McCloud has a style that appeals to my personal tastes — he loves to define and categorize. He describes the medium of comics by breaking it down into bite-sized pieces, then showing how those pieces can be combined to build new and interesting things.
First, he goes through pages of effort to justify his chosen definition of comics: “Sequential Art,” or more precisely, “Juxtaposed pictorial and other images in deliberate sequence, intended to convey information and/or to produce an aesthetic response in the viewer.” He gives a brief history of art that fits this description, from native Mesoamerican codices to the Bayeux Tapestry to Egyptian tomb paintings, and on into more modern examples. This may sound like dry academics, but it’s much more palatable in comic book form.

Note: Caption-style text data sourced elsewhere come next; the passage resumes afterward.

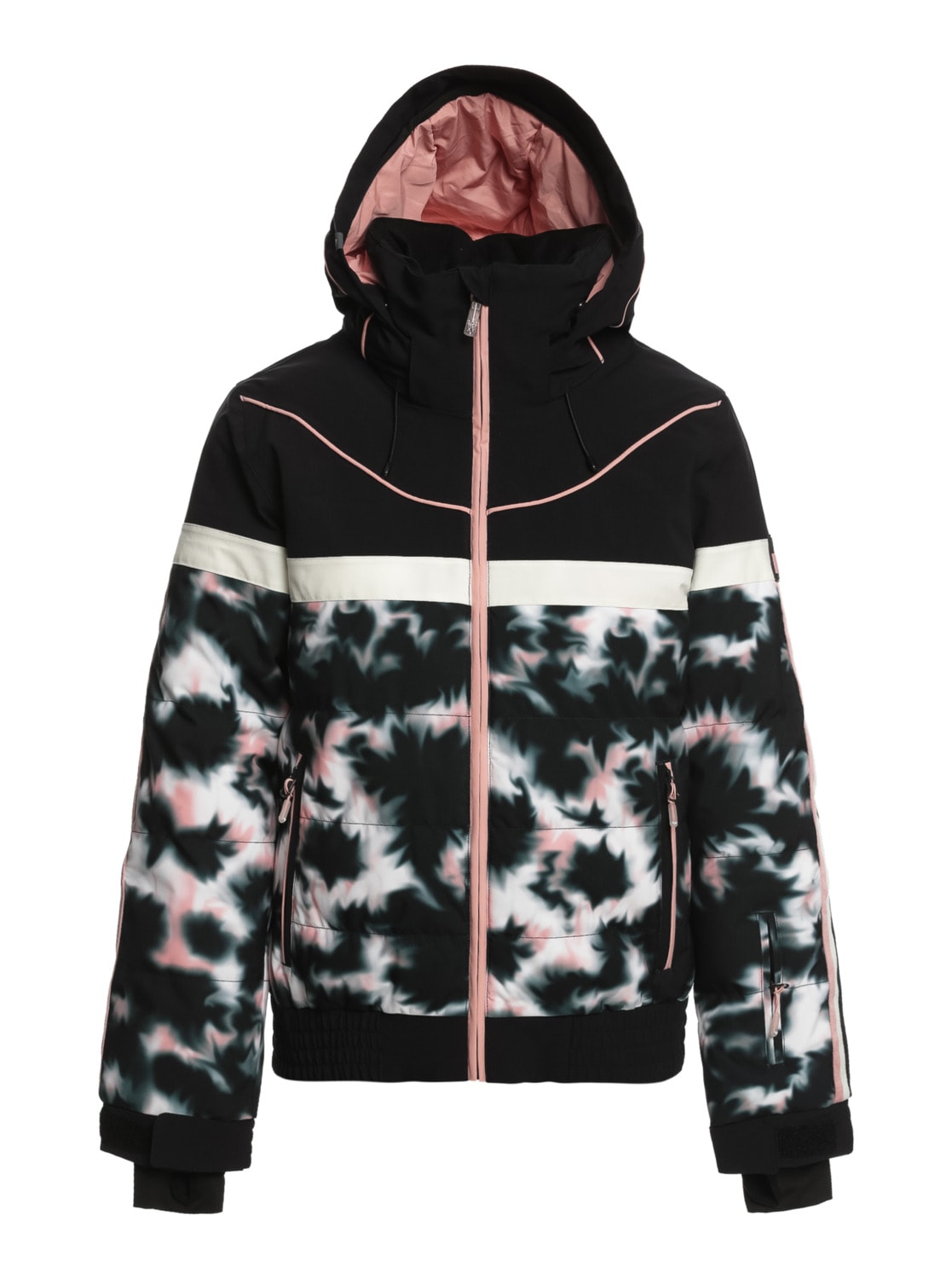 Image of Roxy Snowboardjacke »Dawn Peak« bei Ackermann Versand Schweiz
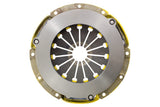 ACT Clutch ACT Mazda Miata P/PL Xtreme Clutch Pressure Plate MZ012X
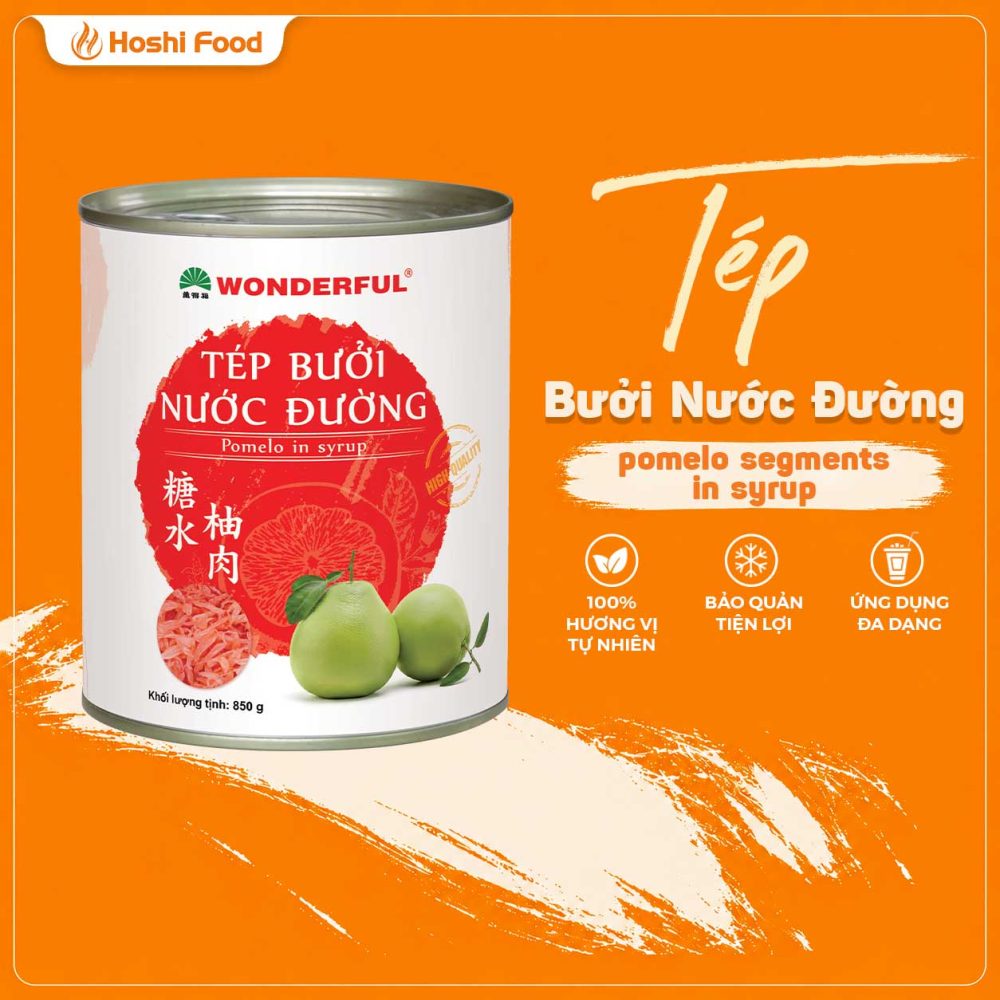 tep-buoi-nuoc-duong-avt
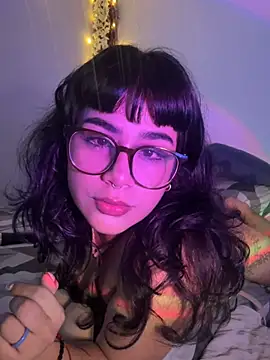 Selen Extasis online show from 04/01/26, 04:35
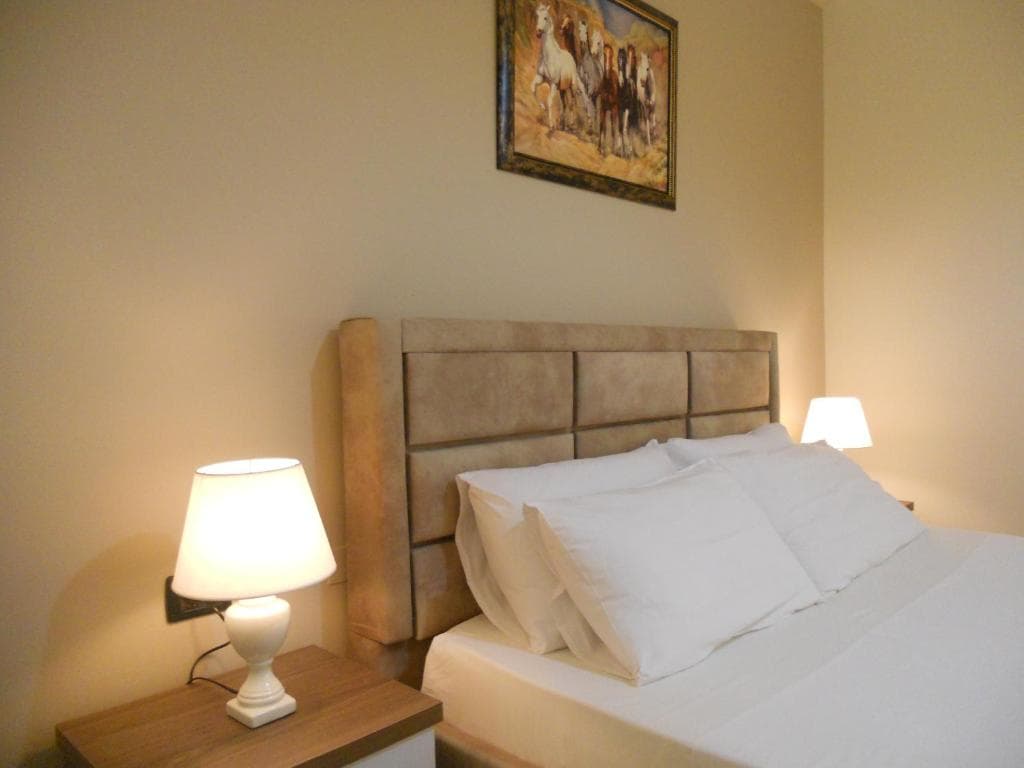 Hotel Onorato - 14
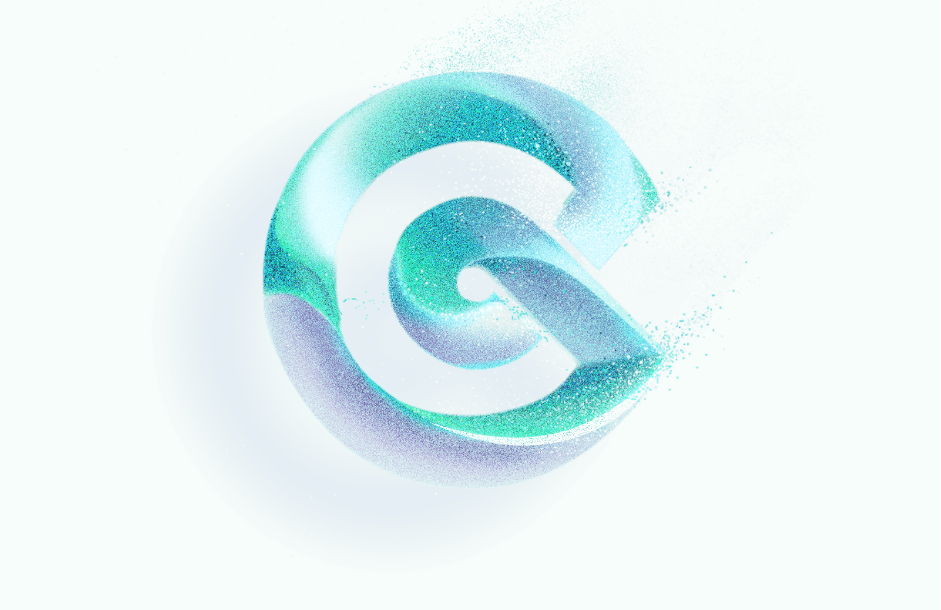 CoinEx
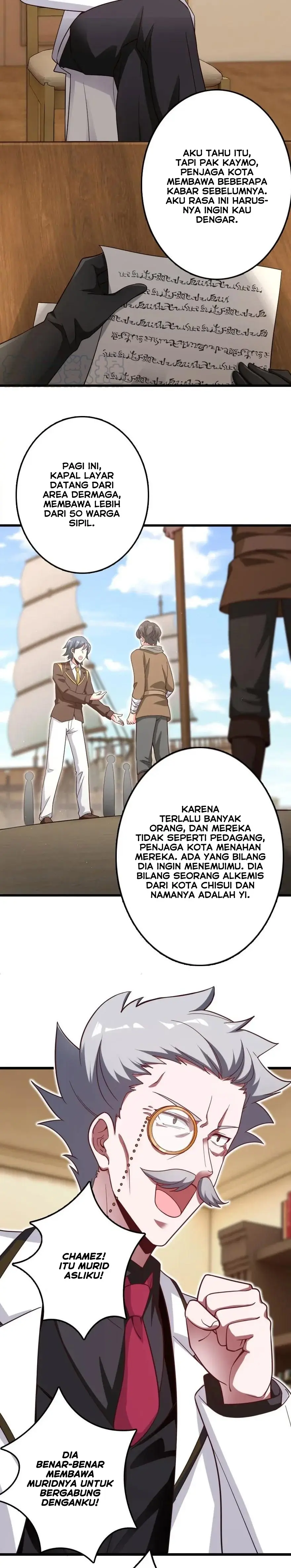 Halaman 13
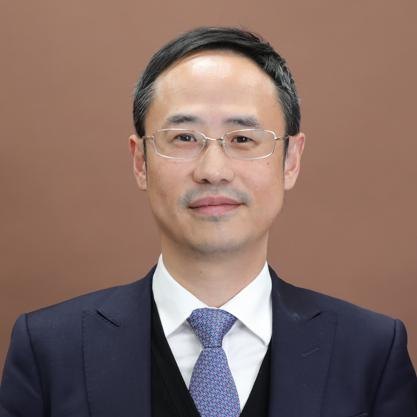 程实:AI时代会如何到来︱实话世经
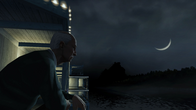 Hitman: Blood Money screenshot 8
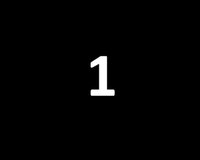 USED 2017 66 AUDI A3 1.6 TDI SE 5d 114 BHP 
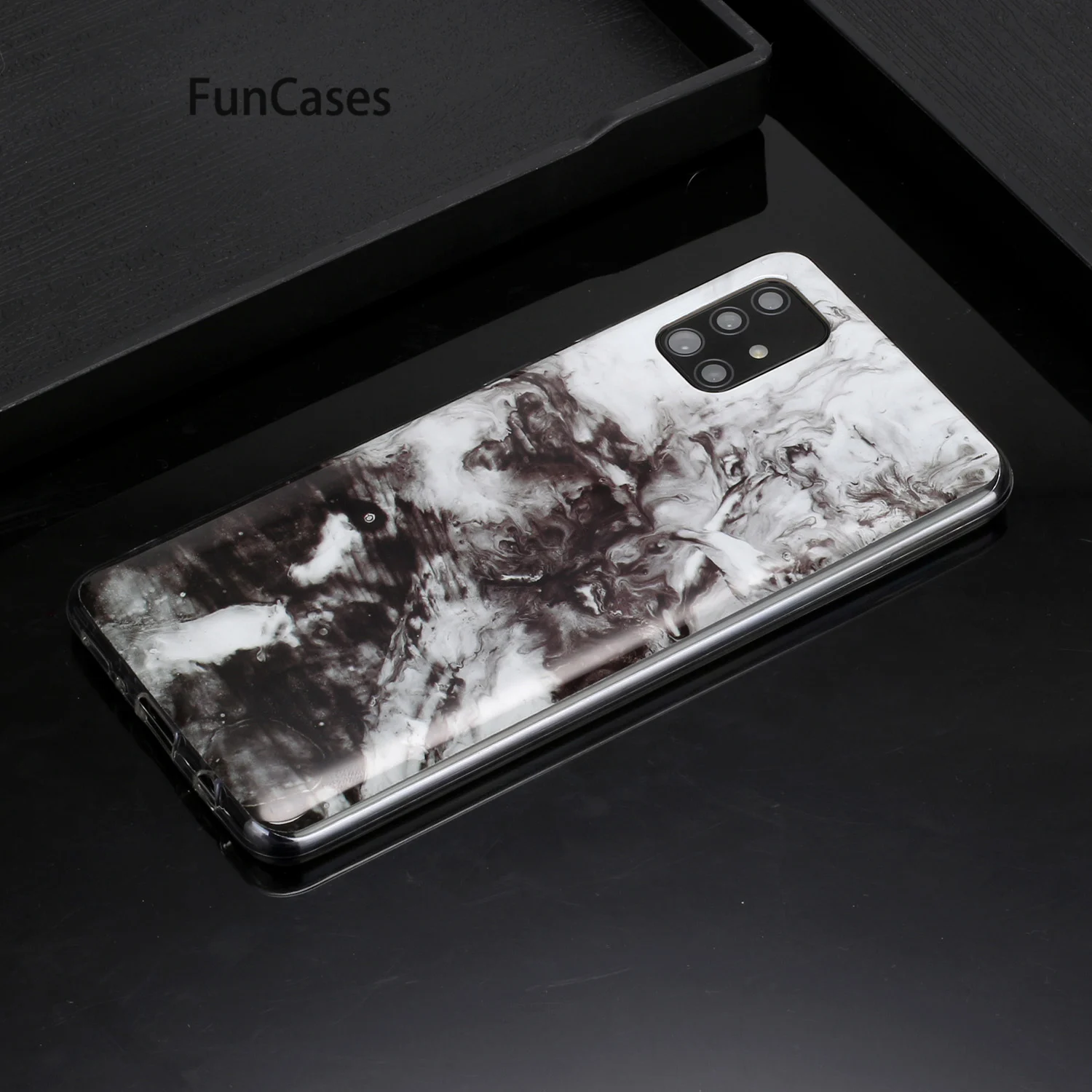 Чехол для Fundas Galaxy S7 чехол Coque Samsung случае G930 Sansung Самсун Sumsung G9300 + подставка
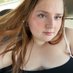 jessica (@jekawild) Twitter profile photo jessica (@jekawild) Twitter profile photo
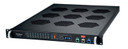 MRF-1.9 Rackmount Fan Tray 972 CFM, 1U, Primary Unit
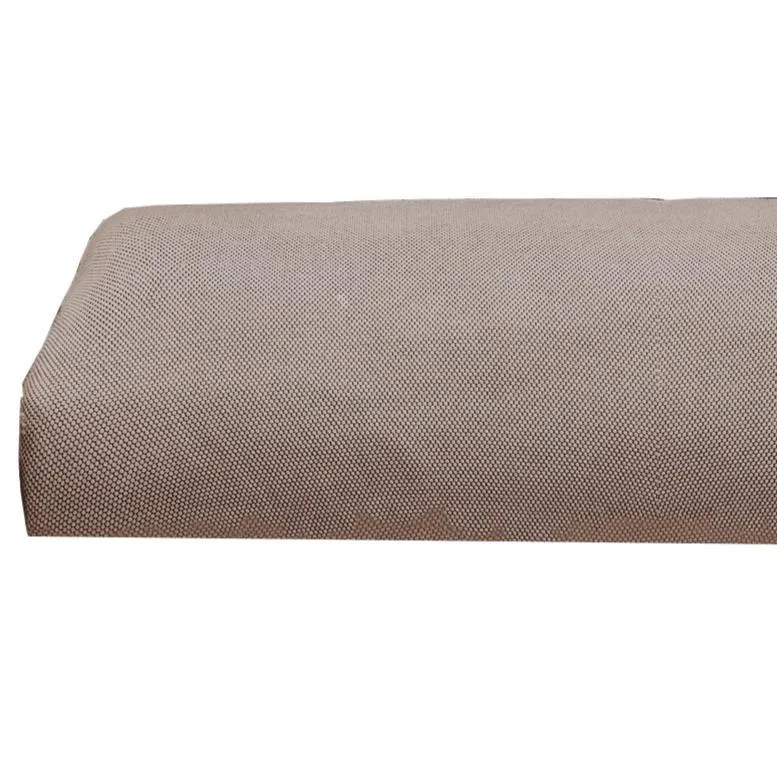 Copricuscino per Divano in Cotone jacquard - Mario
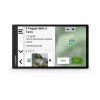 Navigators Garmin Camper 795 Fiksēts 17,8 cm TFT Skārienjūtīgs ekrāns 32 GB Melns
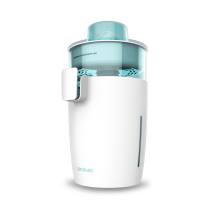 Ηλεκτρικός Στίφτης 800 W | 0.5 Lt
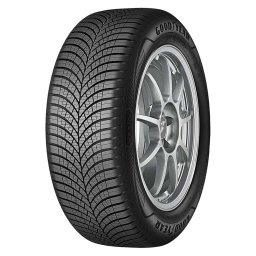 GOODYEAR 215/50R17 95W VEC 4SEASONS G3 XL FP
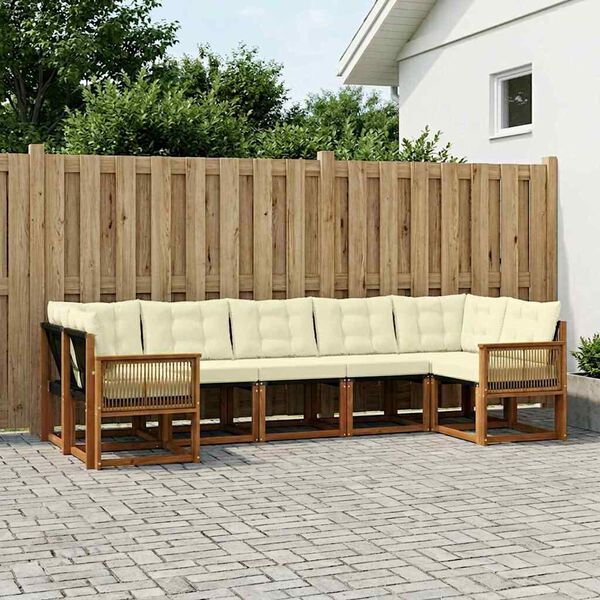 Showing Product Image 2 of 10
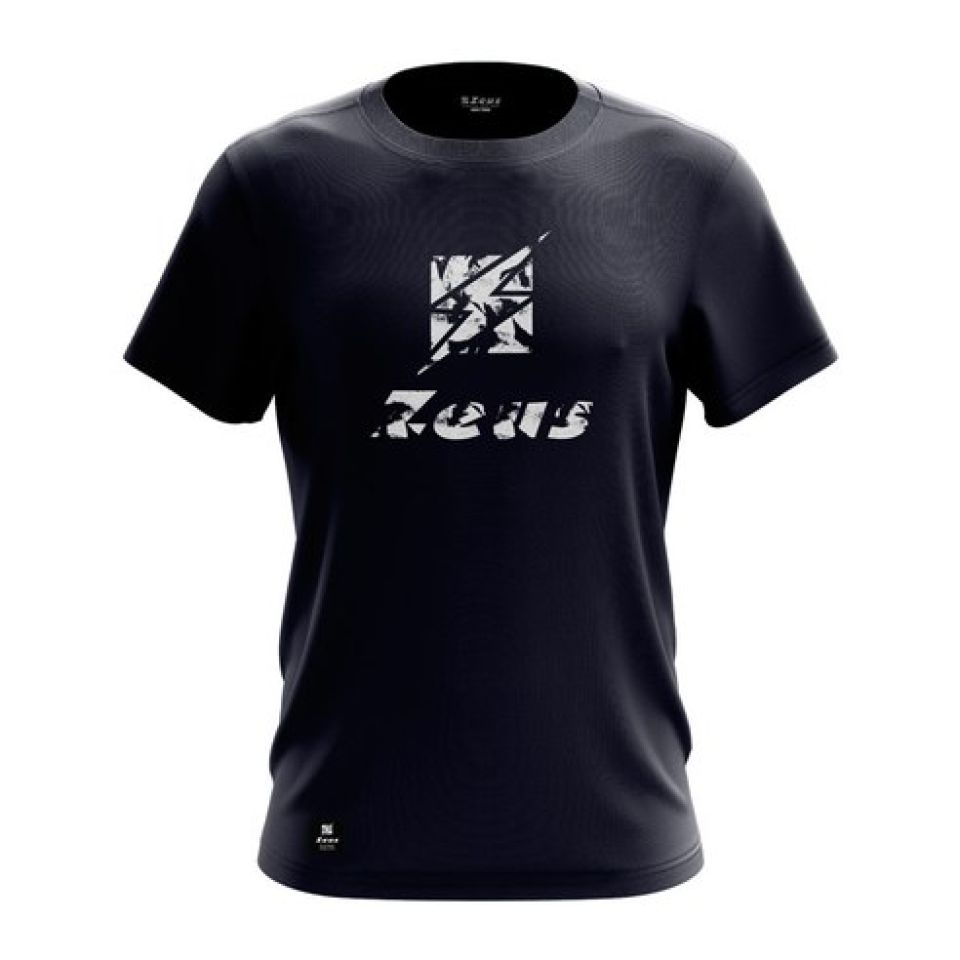TS SQUARE 0004 09 1b775a22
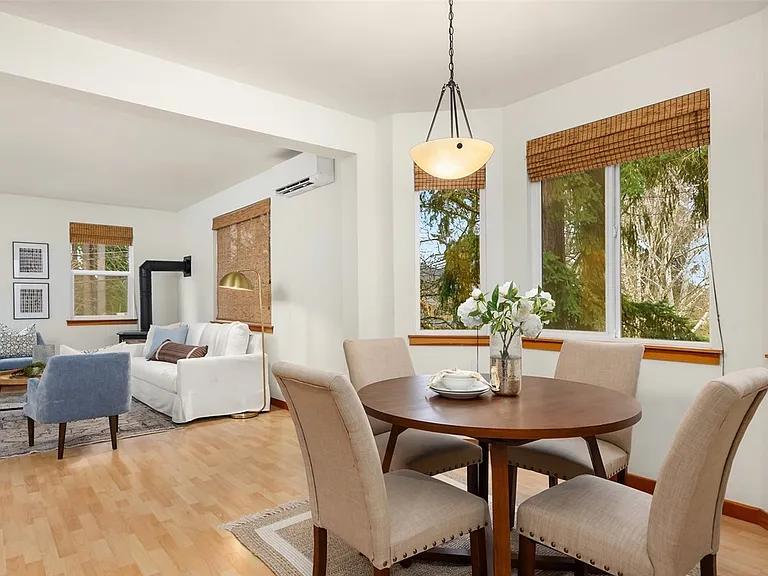 300 Wyatt Way NE #1 — Photo 16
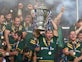 Australia, New Zealand to host 2017 Rugby League World Cup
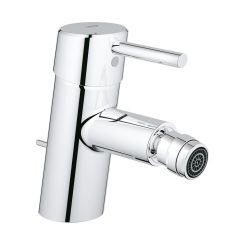 Grohe Concetto bidé csaptelep álló StarLight Chrome 32208001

Next, he discusses iconography and the complex spectrum between words and pictures; how symbols can be more relatable than realism. He categorizes the ways that a reader infers movement across time and space between the juxtaposed images of a comic, in the “gutters.” He shows the ways that words and pictures can interact together to create unique effects within comics.
Finally, he finishes the book with a broad manifesto describing all art as a series of layers, with some art at the shallow surface level, and some digging deep into other layers. This ties into the comics stuff, but it’s more like his ideas of how to make great art.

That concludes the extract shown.